Инспектор — это было видно даже за пятнами покрывавшего его лицо навоза — побледнел:

— Незаконное проникновение? Попытка кражи? Да в уме ли вы, милостивый государь?!

В голосе инспектора одновременно слышались ужас, растерянность и невероятная обида.

— Именно так, господин хороший, — остался непреклонным околоточный. — Именно так!

— Не трогайте меня! — взвизгнул тогда инспектор.

Околоточный, сморщившись, ухмыльнулся:

— Даже не думаю!

— Я всё расскажу!

Околоточный взглядом окинул инспектора с головы до пят и прищурился:

— Воля ваша. Но имейте в виду: вот эта дама и все эти господа — свидетели. Должен вас предупредить: данные при них показания оспорить вы уже не сможете!

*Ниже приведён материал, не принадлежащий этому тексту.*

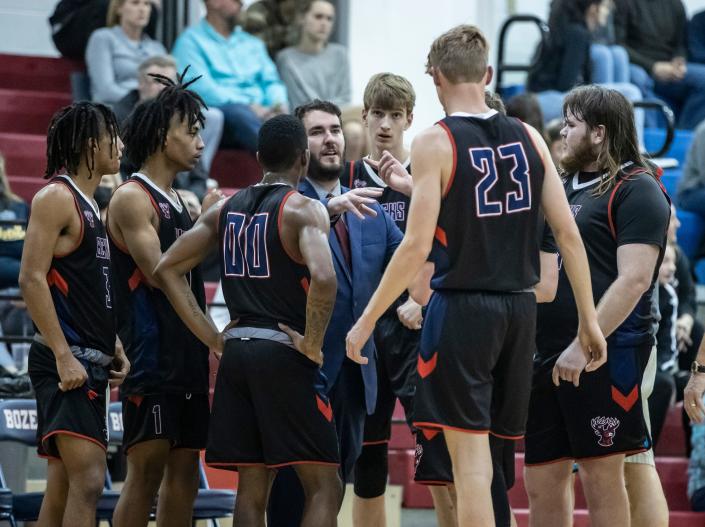 Bozeman coach Matt Granville talks with his team during a break with the Pirates. Bozeman hosted Ponce De Leon High School in boys basketball Thursday, January 20, 2022.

— Не собираюсь я ничего оспаривать! Просто выслушайте меня!

Это последнее восклицание — «просто выслушайте меня!» — относилось уже не столько к околоточному, сколько к Лидии Захаровне, а заодно и к Петру Васильевичу с Михаилом Георгиевичем. И они — вдова, управляющий и врач — взглядами дали понять околоточному, что ничего против не имеют. И даже напротив: им и самим интересно, что же такого может поведать этот теперь нелепый, но только еще утром настолько страшный для округи человек!

— Говорите!

Инспектор заговорил.

Инспектор: сокращение

— Понимаете, — заговорил инспектор, — я родился в бедной семье…

Да простит читатель авторов, но мы, прикинув и так, и эдак, решили не выкладывать всё, что наговорил о себе этот человек: это было бы слишком длинно, потому что инспектор оказался уж очень словоохотливым. Возможно, конечно, его словоохотливость объяснялась пережитыми им потрясениями — сначала падением в выгребную яму, а затем и угрозой ареста по отнюдь не шуточному обвинению, — но факт остается фактом: если бы мы позволили себе привести его рассказ целиком, он один оказался бы больше, нежели вся наша книжка в целом!